Work instructions - Skip all pictures; return exactly the lines from the one containing "Isola: Reese's Book" through the end of the data.
Start of Data segment
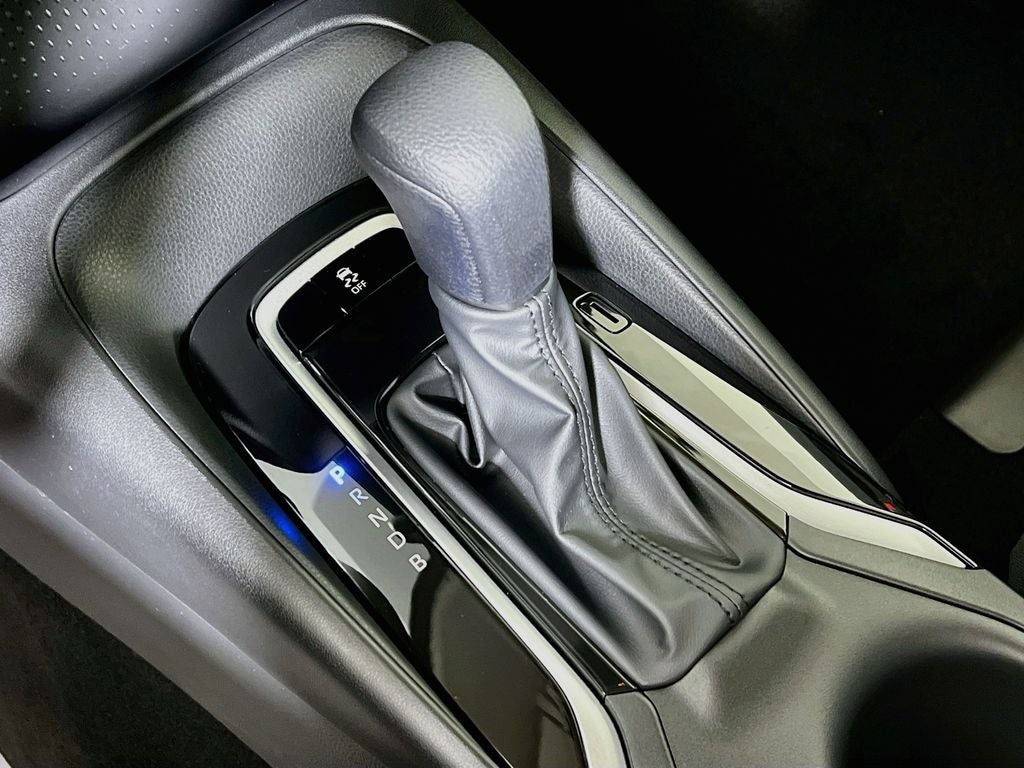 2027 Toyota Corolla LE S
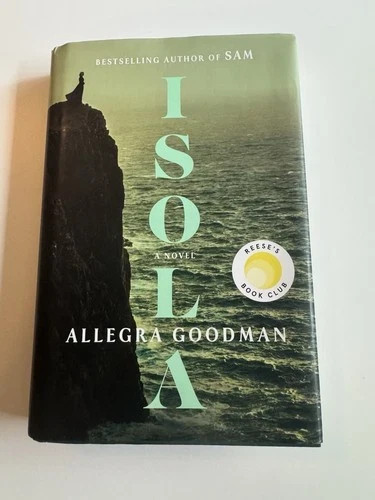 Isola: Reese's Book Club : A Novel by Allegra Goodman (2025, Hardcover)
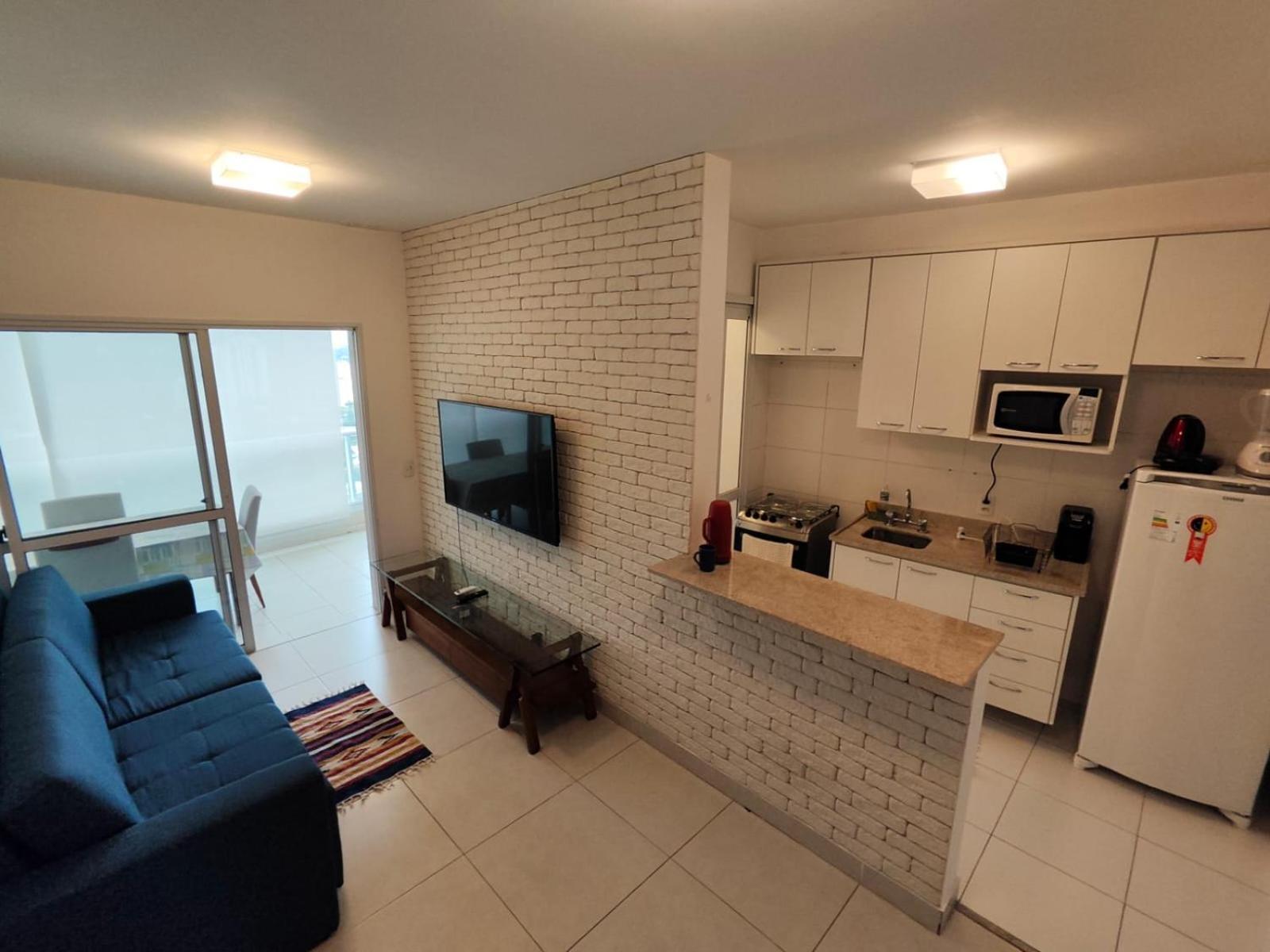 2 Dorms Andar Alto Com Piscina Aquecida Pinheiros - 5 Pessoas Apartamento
End of Data segment
Response to this exercise -
 Isola: Reese's Book Club : A Novel by Allegra Goodman (2025, Hardcover)
 2 Dorms Andar Alto Com Piscina Aquecida Pinheiros - 5 Pessoas Apartamento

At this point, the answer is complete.